"""

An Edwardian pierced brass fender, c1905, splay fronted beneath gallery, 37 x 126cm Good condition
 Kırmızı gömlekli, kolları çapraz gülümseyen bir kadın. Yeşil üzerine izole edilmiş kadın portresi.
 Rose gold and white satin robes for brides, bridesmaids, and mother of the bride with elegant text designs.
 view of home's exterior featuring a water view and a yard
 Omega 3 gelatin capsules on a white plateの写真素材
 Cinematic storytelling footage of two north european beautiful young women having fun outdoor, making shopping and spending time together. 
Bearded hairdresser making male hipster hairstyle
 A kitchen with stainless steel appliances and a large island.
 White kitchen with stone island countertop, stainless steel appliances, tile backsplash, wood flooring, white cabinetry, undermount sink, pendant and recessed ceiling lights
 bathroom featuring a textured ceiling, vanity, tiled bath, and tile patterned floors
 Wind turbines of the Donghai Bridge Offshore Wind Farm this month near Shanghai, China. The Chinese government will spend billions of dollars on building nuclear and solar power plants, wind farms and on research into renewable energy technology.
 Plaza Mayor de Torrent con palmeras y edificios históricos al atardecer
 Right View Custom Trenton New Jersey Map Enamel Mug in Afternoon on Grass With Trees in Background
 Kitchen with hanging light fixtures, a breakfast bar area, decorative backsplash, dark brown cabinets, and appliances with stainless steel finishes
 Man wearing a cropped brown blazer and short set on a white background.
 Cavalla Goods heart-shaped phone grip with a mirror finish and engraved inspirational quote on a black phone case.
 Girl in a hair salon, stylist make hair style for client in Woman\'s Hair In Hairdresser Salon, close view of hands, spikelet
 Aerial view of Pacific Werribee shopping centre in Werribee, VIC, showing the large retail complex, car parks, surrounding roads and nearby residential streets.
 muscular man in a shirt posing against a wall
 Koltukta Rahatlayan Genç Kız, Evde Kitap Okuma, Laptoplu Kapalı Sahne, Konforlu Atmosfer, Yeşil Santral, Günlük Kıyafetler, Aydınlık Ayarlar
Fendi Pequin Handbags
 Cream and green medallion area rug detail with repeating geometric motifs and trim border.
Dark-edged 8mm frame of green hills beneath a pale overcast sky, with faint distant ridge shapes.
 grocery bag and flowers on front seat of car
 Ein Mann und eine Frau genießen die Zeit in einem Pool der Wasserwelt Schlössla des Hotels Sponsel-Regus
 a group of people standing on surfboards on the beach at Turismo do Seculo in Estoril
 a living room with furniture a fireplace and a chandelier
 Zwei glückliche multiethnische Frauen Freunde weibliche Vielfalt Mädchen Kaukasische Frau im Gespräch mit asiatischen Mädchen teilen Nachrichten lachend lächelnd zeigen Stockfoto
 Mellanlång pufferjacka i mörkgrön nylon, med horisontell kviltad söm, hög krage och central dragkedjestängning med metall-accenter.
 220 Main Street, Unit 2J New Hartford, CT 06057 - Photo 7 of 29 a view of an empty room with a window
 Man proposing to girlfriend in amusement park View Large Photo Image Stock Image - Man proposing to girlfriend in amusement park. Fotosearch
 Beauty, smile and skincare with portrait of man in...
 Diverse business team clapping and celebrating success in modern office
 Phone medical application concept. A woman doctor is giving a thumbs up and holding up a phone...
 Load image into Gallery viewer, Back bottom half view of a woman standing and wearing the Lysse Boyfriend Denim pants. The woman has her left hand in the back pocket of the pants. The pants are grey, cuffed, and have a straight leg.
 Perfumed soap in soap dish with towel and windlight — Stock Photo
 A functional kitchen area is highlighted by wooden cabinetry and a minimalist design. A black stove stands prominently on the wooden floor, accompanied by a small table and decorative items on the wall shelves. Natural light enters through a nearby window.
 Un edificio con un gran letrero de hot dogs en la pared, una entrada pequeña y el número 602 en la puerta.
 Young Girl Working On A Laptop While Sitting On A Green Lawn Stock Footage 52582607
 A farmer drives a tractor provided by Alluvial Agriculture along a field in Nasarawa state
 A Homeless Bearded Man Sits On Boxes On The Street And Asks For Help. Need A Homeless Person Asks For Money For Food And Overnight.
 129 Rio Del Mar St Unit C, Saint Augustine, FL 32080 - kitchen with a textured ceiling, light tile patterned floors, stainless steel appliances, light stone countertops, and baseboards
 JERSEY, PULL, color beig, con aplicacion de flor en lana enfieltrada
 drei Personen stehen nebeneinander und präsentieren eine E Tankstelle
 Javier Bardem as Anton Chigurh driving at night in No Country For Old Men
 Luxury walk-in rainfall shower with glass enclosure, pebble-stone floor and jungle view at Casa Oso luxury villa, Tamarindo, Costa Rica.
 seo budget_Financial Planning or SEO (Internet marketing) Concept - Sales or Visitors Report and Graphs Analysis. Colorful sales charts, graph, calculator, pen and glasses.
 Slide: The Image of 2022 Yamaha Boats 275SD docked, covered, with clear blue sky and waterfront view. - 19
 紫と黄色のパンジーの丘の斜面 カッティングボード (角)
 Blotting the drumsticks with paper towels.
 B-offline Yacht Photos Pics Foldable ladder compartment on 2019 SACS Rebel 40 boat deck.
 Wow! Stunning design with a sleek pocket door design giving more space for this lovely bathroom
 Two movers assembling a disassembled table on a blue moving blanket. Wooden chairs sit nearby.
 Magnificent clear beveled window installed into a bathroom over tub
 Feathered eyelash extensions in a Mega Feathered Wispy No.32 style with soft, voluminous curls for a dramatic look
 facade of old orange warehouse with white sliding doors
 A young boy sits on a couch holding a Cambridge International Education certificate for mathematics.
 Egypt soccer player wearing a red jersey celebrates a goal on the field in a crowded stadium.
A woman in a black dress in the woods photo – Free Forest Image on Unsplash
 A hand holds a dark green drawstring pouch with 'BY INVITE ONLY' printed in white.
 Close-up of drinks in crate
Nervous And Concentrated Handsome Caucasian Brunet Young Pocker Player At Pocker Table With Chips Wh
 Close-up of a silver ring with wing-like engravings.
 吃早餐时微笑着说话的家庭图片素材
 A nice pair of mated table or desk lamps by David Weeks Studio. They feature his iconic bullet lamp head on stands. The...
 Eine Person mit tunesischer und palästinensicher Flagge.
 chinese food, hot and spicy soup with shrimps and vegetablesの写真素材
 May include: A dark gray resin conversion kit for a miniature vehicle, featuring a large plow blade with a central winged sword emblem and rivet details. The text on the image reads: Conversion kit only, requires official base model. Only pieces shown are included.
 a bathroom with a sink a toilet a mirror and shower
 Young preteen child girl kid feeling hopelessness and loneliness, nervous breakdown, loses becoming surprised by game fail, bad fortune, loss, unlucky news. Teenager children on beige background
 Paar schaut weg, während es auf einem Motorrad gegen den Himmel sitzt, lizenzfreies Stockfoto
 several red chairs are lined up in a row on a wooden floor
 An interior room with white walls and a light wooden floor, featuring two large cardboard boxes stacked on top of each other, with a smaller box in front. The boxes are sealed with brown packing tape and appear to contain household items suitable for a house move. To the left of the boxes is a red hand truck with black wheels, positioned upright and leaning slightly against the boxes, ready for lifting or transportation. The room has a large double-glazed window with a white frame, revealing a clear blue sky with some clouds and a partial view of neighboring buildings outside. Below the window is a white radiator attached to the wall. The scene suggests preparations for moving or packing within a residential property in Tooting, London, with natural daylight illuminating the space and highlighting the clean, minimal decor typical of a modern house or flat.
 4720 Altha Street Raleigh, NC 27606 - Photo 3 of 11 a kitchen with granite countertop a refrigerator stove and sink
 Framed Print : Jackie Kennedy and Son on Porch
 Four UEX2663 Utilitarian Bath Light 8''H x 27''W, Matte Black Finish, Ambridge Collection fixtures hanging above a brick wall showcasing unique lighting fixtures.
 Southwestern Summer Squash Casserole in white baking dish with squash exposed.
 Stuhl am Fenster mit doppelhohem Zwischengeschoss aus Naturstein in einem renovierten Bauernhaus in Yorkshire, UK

"""

## THE PROBLEM
Would you reproduce all of the data exactly, without a single alteration?

## TASK RESPONSE
An Edwardian pierced brass fender, c1905, splay fronted beneath gallery, 37 x 126cm Good condition
 Kırmızı gömlekli, kolları çapraz gülümseyen bir kadın. Yeşil üzerine izole edilmiş kadın portresi.
 Rose gold and white satin robes for brides, bridesmaids, and mother of the bride with elegant text designs.
 view of home's exterior featuring a water view and a yard
 Omega 3 gelatin capsules on a white plateの写真素材
 Cinematic storytelling footage of two north european beautiful young women having fun outdoor, making shopping and spending time together. 
Bearded hairdresser making male hipster hairstyle
 A kitchen with stainless steel appliances and a large island.
 White kitchen with stone island countertop, stainless steel appliances, tile backsplash, wood flooring, white cabinetry, undermount sink, pendant and recessed ceiling lights
 bathroom featuring a textured ceiling, vanity, tiled bath, and tile patterned floors
 Wind turbines of the Donghai Bridge Offshore Wind Farm this month near Shanghai, China. The Chinese government will spend billions of dollars on building nuclear and solar power plants, wind farms and on research into renewable energy technology.
 Plaza Mayor de Torrent con palmeras y edificios históricos al atardecer
 Right View Custom Trenton New Jersey Map Enamel Mug in Afternoon on Grass With Trees in Background
 Kitchen with hanging light fixtures, a breakfast bar area, decorative backsplash, dark brown cabinets, and appliances with stainless steel finishes
 Man wearing a cropped brown blazer and short set on a white background.
 Cavalla Goods heart-shaped phone grip with a mirror finish and engraved inspirational quote on a black phone case.
 Girl in a hair salon, stylist make hair style for client in Woman\'s Hair In Hairdresser Salon, close view of hands, spikelet
 Aerial view of Pacific Werribee shopping centre in Werribee, VIC, showing the large retail complex, car parks, surrounding roads and nearby residential streets.
 muscular man in a shirt posing against a wall
 Koltukta Rahatlayan Genç Kız, Evde Kitap Okuma, Laptoplu Kapalı Sahne, Konforlu Atmosfer, Yeşil Santral, Günlük Kıyafetler, Aydınlık Ayarlar
Fendi Pequin Handbags
 Cream and green medallion area rug detail with repeating geometric motifs and trim border.
Dark-edged 8mm frame of green hills beneath a pale overcast sky, with faint distant ridge shapes.
 grocery bag and flowers on front seat of car
 Ein Mann und eine Frau genießen die Zeit in einem Pool der Wasserwelt Schlössla des Hotels Sponsel-Regus
 a group of people standing on surfboards on the beach at Turismo do Seculo in Estoril
 a living room with furniture a fireplace and a chandelier
 Zwei glückliche multiethnische Frauen Freunde weibliche Vielfalt Mädchen Kaukasische Frau im Gespräch mit asiatischen Mädchen teilen Nachrichten lachend lächelnd zeigen Stockfoto
 Mellanlång pufferjacka i mörkgrön nylon, med horisontell kviltad söm, hög krage och central dragkedjestängning med metall-accenter.
 220 Main Street, Unit 2J New Hartford, CT 06057 - Photo 7 of 29 a view of an empty room with a window
 Man proposing to girlfriend in amusement park View Large Photo Image Stock Image - Man proposing to girlfriend in amusement park. Fotosearch
 Beauty, smile and skincare with portrait of man in...
 Diverse business team clapping and celebrating success in modern office
 Phone medical application concept. A woman doctor is giving a thumbs up and holding up a phone...
 Load image into Gallery viewer, Back bottom half view of a woman standing and wearing the Lysse Boyfriend Denim pants. The woman has her left hand in the back pocket of the pants. The pants are grey, cuffed, and have a straight leg.
 Perfumed soap in soap dish with towel and windlight — Stock Photo
 A functional kitchen area is highlighted by wooden cabinetry and a minimalist design. A black stove stands prominently on the wooden floor, accompanied by a small table and decorative items on the wall shelves. Natural light enters through a nearby window.
 Un edificio con un gran letrero de hot dogs en la pared, una entrada pequeña y el número 602 en la puerta.
 Young Girl Working On A Laptop While Sitting On A Green Lawn Stock Footage 52582607
 A farmer drives a tractor provided by Alluvial Agriculture along a field in Nasarawa state
 A Homeless Bearded Man Sits On Boxes On The Street And Asks For Help. Need A Homeless Person Asks For Money For Food And Overnight.
 129 Rio Del Mar St Unit C, Saint Augustine, FL 32080 - kitchen with a textured ceiling, light tile patterned floors, stainless steel appliances, light stone countertops, and baseboards
 JERSEY, PULL, color beig, con aplicacion de flor en lana enfieltrada
 drei Personen stehen nebeneinander und präsentieren eine E Tankstelle
 Javier Bardem as Anton Chigurh driving at night in No Country For Old Men
 Luxury walk-in rainfall shower with glass enclosure, pebble-stone floor and jungle view at Casa Oso luxury villa, Tamarindo, Costa Rica.
 seo budget_Financial Planning or SEO (Internet marketing) Concept - Sales or Visitors Report and Graphs Analysis. Colorful sales charts, graph, calculator, pen and glasses.
 Slide: The Image of 2022 Yamaha Boats 275SD docked, covered, with clear blue sky and waterfront view. - 19
 紫と黄色のパンジーの丘の斜面 カッティングボード (角)
 Blotting the drumsticks with paper towels.
 B-offline Yacht Photos Pics Foldable ladder compartment on 2019 SACS Rebel 40 boat deck.
 Wow! Stunning design with a sleek pocket door design giving more space for this lovely bathroom
 Two movers assembling a disassembled table on a blue moving blanket. Wooden chairs sit nearby.
 Magnificent clear beveled window installed into a bathroom over tub
 Feathered eyelash extensions in a Mega Feathered Wispy No.32 style with soft, voluminous curls for a dramatic look
 facade of old orange warehouse with white sliding doors
 A young boy sits on a couch holding a Cambridge International Education certificate for mathematics.
 Egypt soccer player wearing a red jersey celebrates a goal on the field in a crowded stadium.
A woman in a black dress in the woods photo – Free Forest Image on Unsplash
 A hand holds a dark green drawstring pouch with 'BY INVITE ONLY' printed in white.
 Close-up of drinks in crate
Nervous And Concentrated Handsome Caucasian Brunet Young Pocker Player At Pocker Table With Chips Wh
 Close-up of a silver ring with wing-like engravings.
 吃早餐时微笑着说话的家庭图片素材
 A nice pair of mated table or desk lamps by David Weeks Studio. They feature his iconic bullet lamp head on stands. The...
 Eine Person mit tunesischer und palästinensicher Flagge.
 chinese food, hot and spicy soup with shrimps and vegetablesの写真素材
 May include: A dark gray resin conversion kit for a miniature vehicle, featuring a large plow blade with a central winged sword emblem and rivet details. The text on the image reads: Conversion kit only, requires official base model. Only pieces shown are included.
 a bathroom with a sink a toilet a mirror and shower
 Young preteen child girl kid feeling hopelessness and loneliness, nervous breakdown, loses becoming surprised by game fail, bad fortune, loss, unlucky news. Teenager children on beige background
 Paar schaut weg, während es auf einem Motorrad gegen den Himmel sitzt, lizenzfreies Stockfoto
 several red chairs are lined up in a row on a wooden floor
 An interior room with white walls and a light wooden floor, featuring two large cardboard boxes stacked on top of each other, with a smaller box in front. The boxes are sealed with brown packing tape and appear to contain household items suitable for a house move. To the left of the boxes is a red hand truck with black wheels, positioned upright and leaning slightly against the boxes, ready for lifting or transportation. The room has a large double-glazed window with a white frame, revealing a clear blue sky with some clouds and a partial view of neighboring buildings outside. Below the window is a white radiator attached to the wall. The scene suggests preparations for moving or packing within a residential property in Tooting, London, with natural daylight illuminating the space and highlighting the clean, minimal decor typical of a modern house or flat.
 4720 Altha Street Raleigh, NC 27606 - Photo 3 of 11 a kitchen with granite countertop a refrigerator stove and sink
 Framed Print : Jackie Kennedy and Son on Porch
 Four UEX2663 Utilitarian Bath Light 8''H x 27''W, Matte Black Finish, Ambridge Collection fixtures hanging above a brick wall showcasing unique lighting fixtures.
 Southwestern Summer Squash Casserole in white baking dish with squash exposed.
 Stuhl am Fenster mit doppelhohem Zwischengeschoss aus Naturstein in einem renovierten Bauernhaus in Yorkshire, UK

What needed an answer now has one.